Kate and her husband recently moved house and I’ve been following that story with interest because, you know, moving is kind of my thing. I know the drill only too well and it amuses me to read other people’s stories of the trials and tribulations of a move. Kate has done it with aplomb, still working in the field of finance, cooking deliciousness and recently posting a fabulous mushroom lasagna roll from under a pile of boxes with scant kitchen equipment. She’s an avid gardener so her recipes often take advantage of that fresh, homegrown bounty. I’m so jealous of the rich soil of Indiana!
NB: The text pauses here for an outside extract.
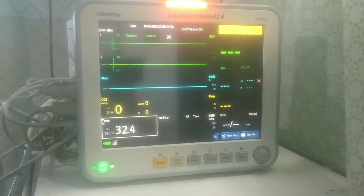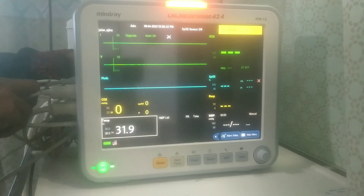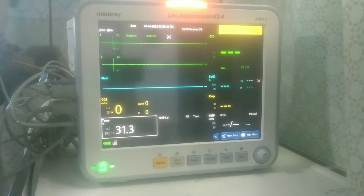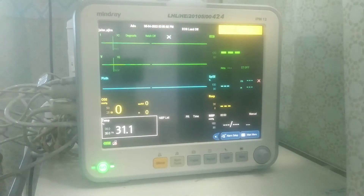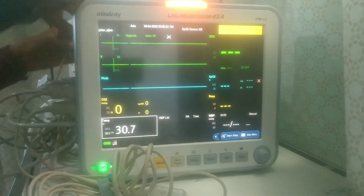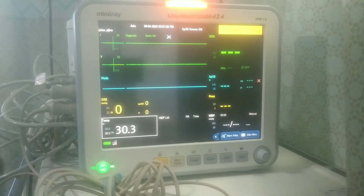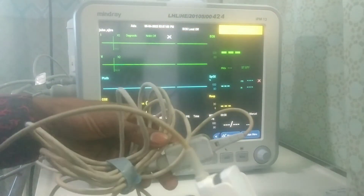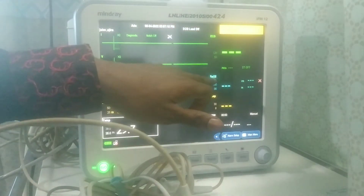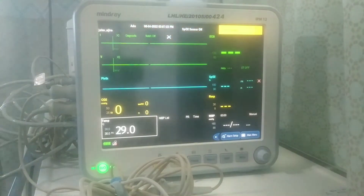Next I will show you the SpO2 probe — the spontaneous oxygen level probe. This probe is used to monitor the spontaneous oxygen level of the patient. You can see 'SpO2' written on the display, which is where the result will be shown.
So, I needed to hunt for picnic friendly recipes! I love taking salads along to picnics or potlucks so that’s where I started my search. I was spoiled for choice on Kate’s blog, bookmarking her Blueberry Watermelon Salad with mint and lemon, Lana’s Chicken Salad with roasted chicken, grapes and pecans, her Lemon Apricot Salad with lemon curd (!) stirred through it,  Green Bead Salad with Black Beluga Lentils made with tasty sun-dried tomatoes and salami, and Kate’s lovely Blue Cheese Potato Salad with bacon.  I simply couldn’t not make up my mind until I got to the Tuscan Beans with Tuna. Sold! We ate it for dinner with yesterday's Chickpea Moroccan Flatbread.

The couple of minor changes I made:
I was catering for one vegetarian (younger daughter) who isn’t so strict that meat or fish can’t touch her veggies but she didn’t want to eat the actual tuna so I just made little piles of it on top instead of mixing it in. If you want to make this strictly vegetarian, use olive oil instead of the tuna oil. And, obviously, leave off the tuna itself. Kate’s salad called for normal kale, which was on my shopping list, but I couldn’t resist the gorgeous purple kale I came across in my nearby supermarket. Kate adapted this recipe herself from Food Network where they used garlic and cooked the kale. I liked her easy no-cook method but decided to keep the original garlic since we are fans and I totally forgot to buy Italian dressing. Massaging the kale with the oil and vinegar softens it nicely without cooking if you want to serve immediately. Otherwise just mixing everything and leaving it for a while works great too, especially if you are taking it along to a picnic.

3 cloves garlic
3 tablespoons white balsamic
Kosher salt and freshly ground pepper
2 cans (5 oz or 151g each) tuna packed in olive oil
1/2 lb or 225g purple kale (I medium head – bigger or smaller will still work.)
1 15.5 oz or 439g can cannellini beans, drained and rinsed
1 cup or 170g grape tomatoes
3 inner stalks celery with some leaves
3/4 cup or 100g pitted ripe black olives
3.5 oz or 100g roasted red peppers
Salt and pepper to taste

Chop your garlic and put it in a big salad bowl with the vinegar and a sprinkle of salt and pepper while you get on with the rest of the salad. This takes a little of the sharpness off of the garlic.

Cut your little tomatoes in half. Pull the strings off of the celery and chop it into pieces.

Remove the hard stems from your kale and cut the bigger leaves into smaller pieces. Small leaves can be left intact. If you are using thicker dark green kale, slice it finely.

How could I resist?!

Squeeze the tuna oil into the salad bowl with the garlic and vinegar and give it a stir and a sprinkle of salt and freshly ground black pepper. Set the tuna aside for later.

Add in the kale and use your hands to massage the dressing into the leaves.

Slice your olives and roasted peppers.

Put everything, including the rinsed cannellini beans, into the bowl with the garlic, vinegar and oil. Toss to combine. Add salt and pepper to taste.

Add the tuna and toss again. (Or set it on the top of the salad.)